The revolution with VSCode is the openness, not the quality.

2 comments

Out of interest, have you ever used Jetbrains products like IntelliJ IDEA and friends? Even back when I was writing C#, years ago, Visual Studio was way less productive without their ReSharper plugin.
I'm sure it's a "too each their own" feeling.

Personally, I've never seen Visual Studio so unproductive as with ReSharper installed. The number of colleagues over the years I've had to work to convince them to remove or disable ReSharper to get any work done on projects has been too many. ("I hate Visual Studio because it is too slow." "Do you have ReSharper installed? What happens when you disable it?" "Wow, Visual Studio is really fast now." Surprise.) I've had employers install it by default, I didn't like using it, and I made sure that my employer wasn't paying for a license directly for me when I uninstalled it.

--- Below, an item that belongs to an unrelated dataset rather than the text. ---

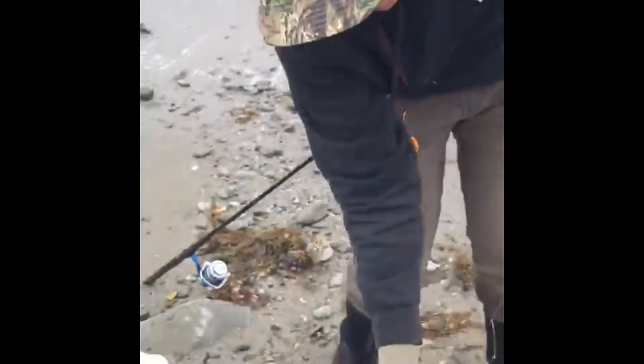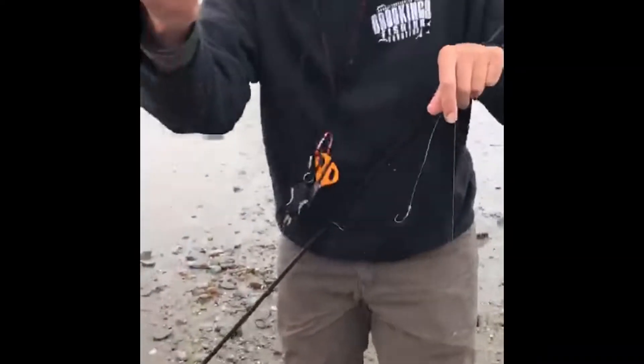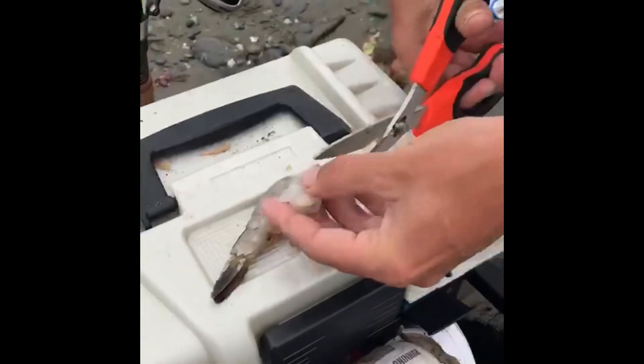And all I'm doing is coming down here and we're using the whole shrimp. We're cutting them up into little pieces. Nothing giant, just a little guy.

If Android Studio is any indication, I don't see what the fuss is about IntelliJ either. But some of that is certainly just lack of familiarity because I only open up Android Studio when I have to.

It may just be that my experience was a good while back and VS has improved since then. At the time the built-in static analysis really wasn't up to scratch.
I’ve been happy doing most tasks in MySQL Workbench that I can do with SSMS.

Oddly, when using SQL Azure instead of on-prem SQL Server, SSMS doesn’t let you use its friendly hand-holding dialogs but instead drops you into a new editor document with cryptic syntax.

The only excuse I can think of is that the user-friendly popups are single-threaded and block window-messages on network IO and would have a very poor UX due to due the chatty TDS protocol.

It does sound like SQL Server and SSMS have some very interesting choices in remoting models, based on what I've read of Azure Data Studio's development.

Azure Data Studio's the VS Code-based SSMS-like tool focused on Azure SQL and Cosmos DB. At one point the development blog was talking about it as if Azure Data Studio might some day be the eventual replacement for even SSMS itself, but they seem to have walked that back, at least in part due to how many crazy things SSMS does and how SSMS is one of those tools that certain types of users would possibly go into some sort of costly meltdown if their cheese moved.